21st July 2010 Print

As GSK announces an increase in turnover, but a decrease in profits for Q2, Graham Spooner, The Share Centre's investment adviser, explains why GSK is still a core holding.

"Despite the news of a fall in profits in Q2 for GSK, it was encouraging to see a rise in turnover in the same period.  Sales in the three months to 30 June 2010 were up to £7.025bn from £6.747bn over the same period last year, whilst pre-tax profits totaled £494m, compared with £2.25bn the previous year.

"This was due to the continued strong sales of new products, the flu vaccine and further expansion in to emerging markets which was then offset by generic competition and a legal charge (to meet litigation costs).

"GSK took a charge of £1.57bn in this quarter to cover costs of settling legal disputes involving the anti-depressant Paxil, its diabetes drug Avandia and US government investigation of a factory in Puerto Rica.

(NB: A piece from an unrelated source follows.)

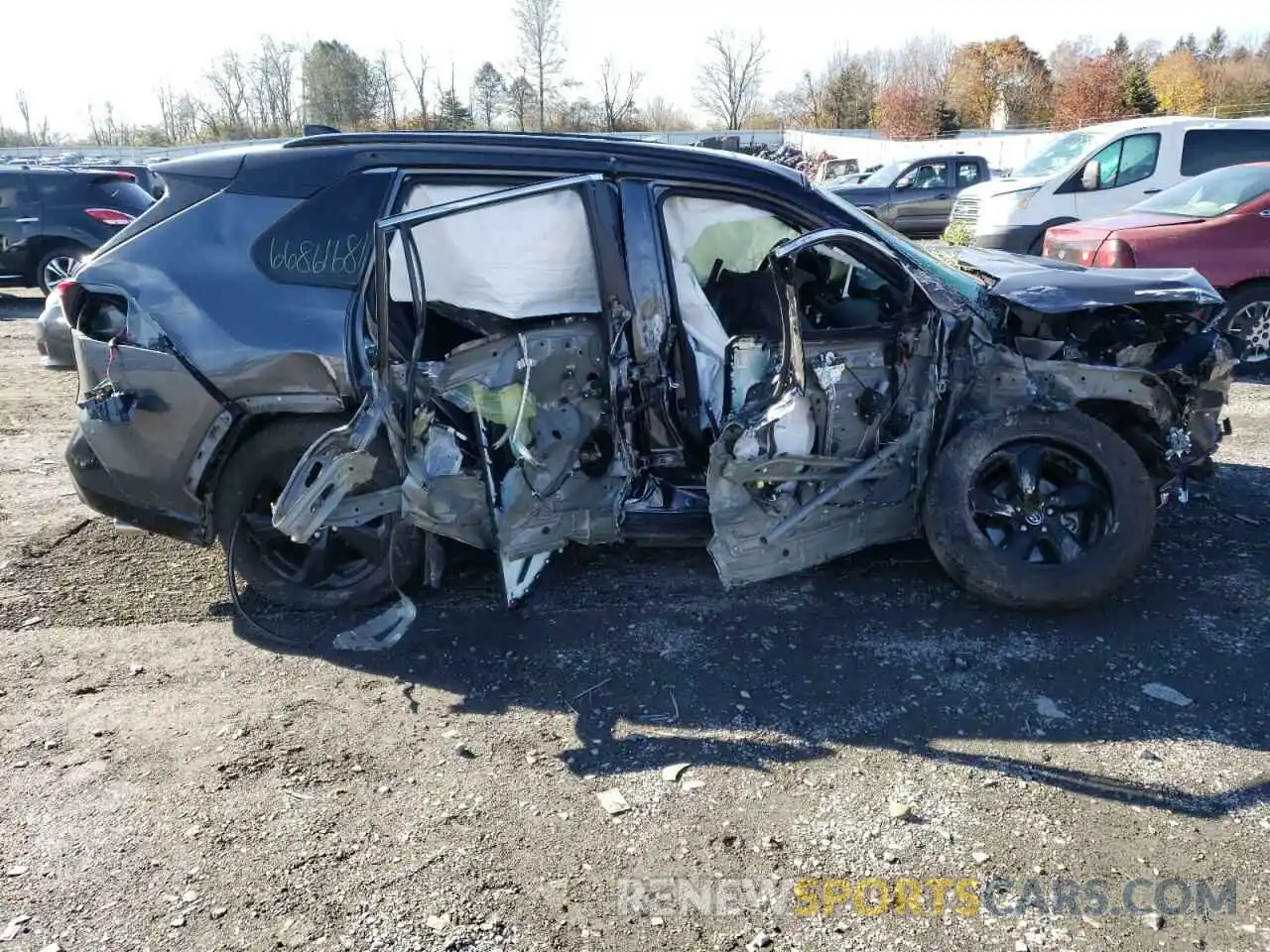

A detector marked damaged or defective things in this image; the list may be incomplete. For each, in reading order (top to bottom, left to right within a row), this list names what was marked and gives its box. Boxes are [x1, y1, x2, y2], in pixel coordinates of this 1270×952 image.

wrecked gray suv [60, 132, 1229, 619]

"It is also important to note that since Andrew Witty, CEO, took office in April 2008, the company has been through a period of restructuring and cost cutting. 

"The group has a number of potential new drugs and vaccines in development and with such a robust pipeline, plus the focus on emerging markets, we believe GSK is still an attractive company within its sector.

"We feel that GSK should be a core holding in a portfolio; the growth is stable and there is also an impressive dividend to be had - it has been increased from 14p to 15p today.  GSK also has a good cash flow and has reduced its debt."